Tactical Treats – Palmeiras vs. Rio Claro & São Bento

How do teams play? The question was flourishing a young man’s curiosity for football at the grandstands of the old Palestra Italia. Years later, he became a journalist and copywriter with a taste for football tactics. Now he’s glad to share some of this rational – and why not passionate – vision here at Anything Palmeiras.

As of today, and on regular intervals, Leonardo Miranda will contribute with his sharp observations in regard to Palmeiras’ tactical behaviour. I’m certain you readers will enjoy the ride. In any case and as always: feedback, positive or negative, is always appreciated.

And to Leonardo: welcome, the floor is yours!

— ooo —

Palmeiras’ 4-2-3-1 is gradually gaining shape and fluidity*

In December, recently-announced coach Oswaldo de Oliveira showed his fondness for the 4-2-3-1 system, imagining a midfield fit for Valdivia’s lack of defensive strength. While Alexandre Mattos was signing a lot of players, Oswaldo started to design Palmeiras in the 4-2-3-1. A couple of friendlies later, Oswaldo finally made up his mind with a new four-back defence and Leandro Pereira as the lone striker.

Last week, the palestrino coach made some replacements.

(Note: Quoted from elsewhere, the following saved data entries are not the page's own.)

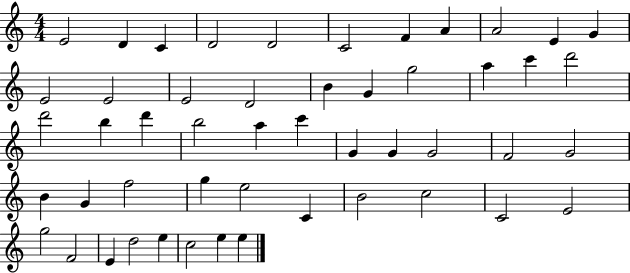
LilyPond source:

{
  \clef treble
  \numericTimeSignature
  \time 4/4
  \key c \major
  e'2 d'4 c'4 | d'2 d'2 | c'2 f'4 a'4 | a'2 e'4 g'4 | \break e'2 e'2 | e'2 d'2 | b'4 g'4 g''2 | a''4 c'''4 d'''2 | \break d'''2 b''4 d'''4 | b''2 a''4 c'''4 | g'4 g'4 g'2 | f'2 g'2 | \break b'4 g'4 f''2 | g''4 e''2 c'4 | b'2 c''2 | c'2 e'2 | \break g''2 f'2 | e'4 d''2 e''4 | c''2 e''4 e''4 | \bar "|."
} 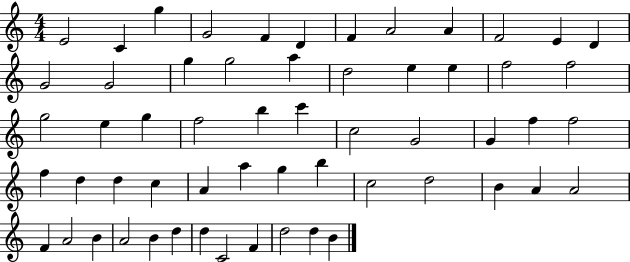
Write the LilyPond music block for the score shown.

{
  \clef treble
  \numericTimeSignature
  \time 4/4
  \key c \major
  e'2 c'4 g''4 | g'2 f'4 d'4 | f'4 a'2 a'4 | f'2 e'4 d'4 | \break g'2 g'2 | g''4 g''2 a''4 | d''2 e''4 e''4 | f''2 f''2 | \break g''2 e''4 g''4 | f''2 b''4 c'''4 | c''2 g'2 | g'4 f''4 f''2 | \break f''4 d''4 d''4 c''4 | a'4 a''4 g''4 b''4 | c''2 d''2 | b'4 a'4 a'2 | \break f'4 a'2 b'4 | a'2 b'4 d''4 | d''4 c'2 f'4 | d''2 d''4 b'4 | \break \bar "|."
} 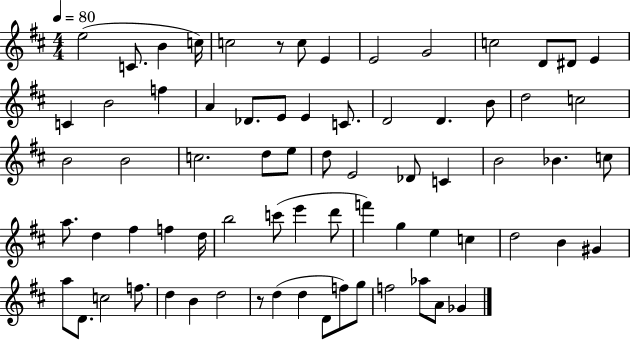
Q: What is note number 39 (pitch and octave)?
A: A5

At this point in time, we can consider the figure below to represent Palmeiras’ tactical layout:


After two consecutive defeats at the Allianz Parque, Oswaldo tested Cristaldo as the single striker and Alan Patrick in the central 3-men position. The idea was to let Dudu and Allione exploit the open flank when Cristaldo and Alan dropped to pick up the ball, or to attract the opponent by setting a numerical superiority near the goal: with this, there is always a man free of marking (commonly the full-backs), in conditions to pass, to dribble and to score.

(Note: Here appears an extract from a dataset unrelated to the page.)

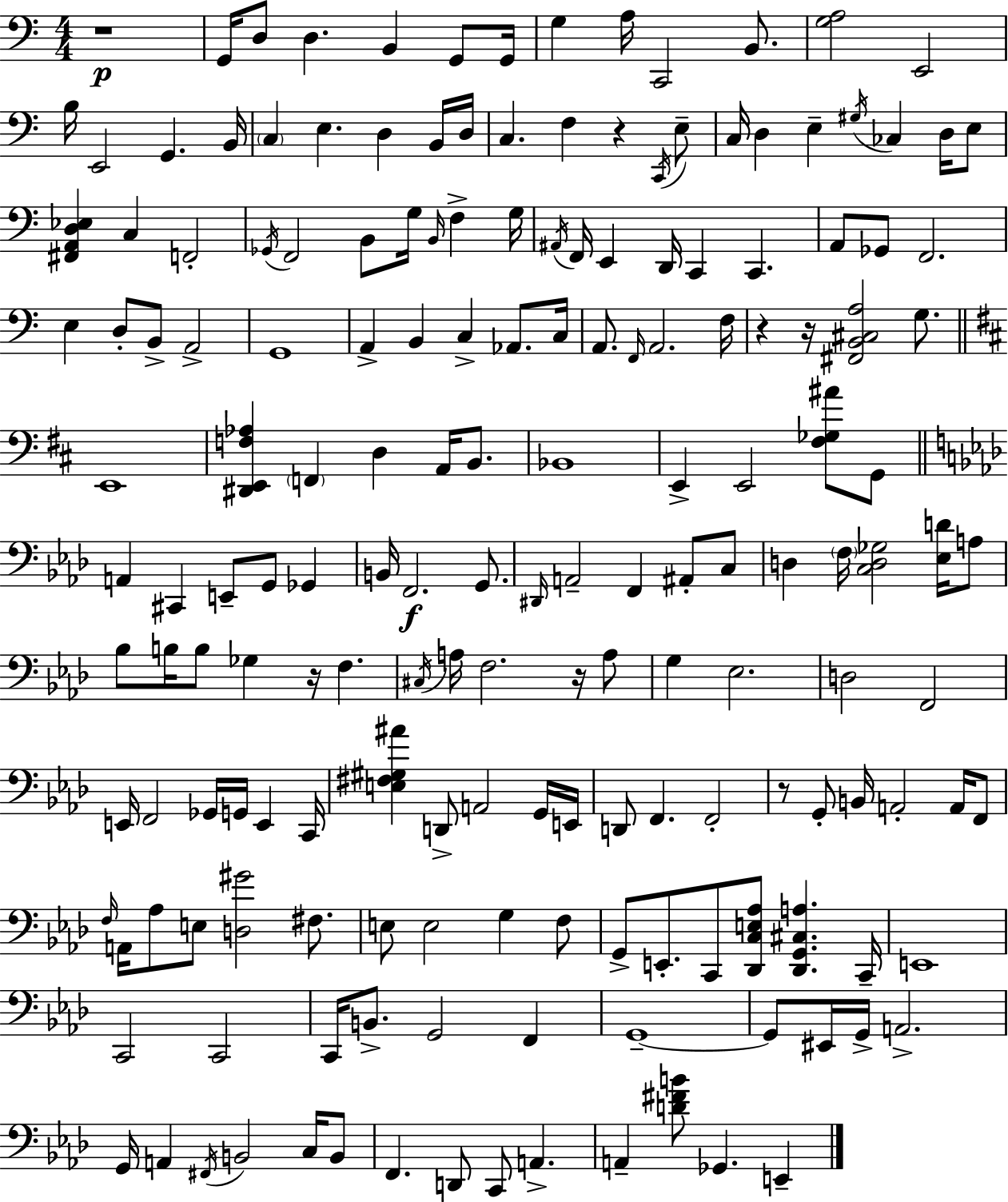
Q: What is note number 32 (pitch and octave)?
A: C3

The second goal against Rio Claro occurred by these movements: Dudu, Allione and Alan linked up well in the centre-left halfspace and started to drag their markers away. This cooperative movement created the space for Zé Roberto to move into the penalty area and score.
But the main difference in the last two victories was Robinho: his build-up role helped the team to create attacking situations with pace and fluidity. With him, passing of the ball from defenders to forwards were faster and gained quality with his good vision and pass. This allowed Palmeiras to press his opponent high and to dominate ball possession, controlling the match, as against São Bento.
Brazilian “small teams” are tricky to play against because they put too much men in defence and exploit counterattacks. Knowing how to construct attacking situations starting by the centre midfield can break this strategy and turn difficult duels into easy ones.

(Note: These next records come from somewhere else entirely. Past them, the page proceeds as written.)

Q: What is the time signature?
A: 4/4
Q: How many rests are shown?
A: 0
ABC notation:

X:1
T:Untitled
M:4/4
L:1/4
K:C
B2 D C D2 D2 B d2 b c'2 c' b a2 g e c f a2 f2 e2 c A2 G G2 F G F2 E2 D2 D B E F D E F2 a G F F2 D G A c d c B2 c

As usual, there are some negative points to be discussed. The strict man-to-man marking system, very common in South-American football, was exploited by Corinthians in the derby and may be a reason for concern in important matches. But let´s wait a little bit to see if this will work out for the season.

This upcoming Sunday against Penapolense, only Zé Roberto and Tobio are not guaranteed from the previous starting 11. If the four-back are well-settled and the attacking men have good movements, Oswaldo’s main “headache”, as they say in Brazil, is laying on the “double-pivot”: how to find room for Arouca with Robinho’s build-up role and Gabriel defensive importance? Soon to be answered!

Scoppia che la vittoria è nostra!

* by Leonardo Miranda


  1. Well, the game against Penapolense provided a good tip on how to procede with Arouca: Robinho should play where Alan Patrick currently does. But is he capable of doing the role of the center 3-men?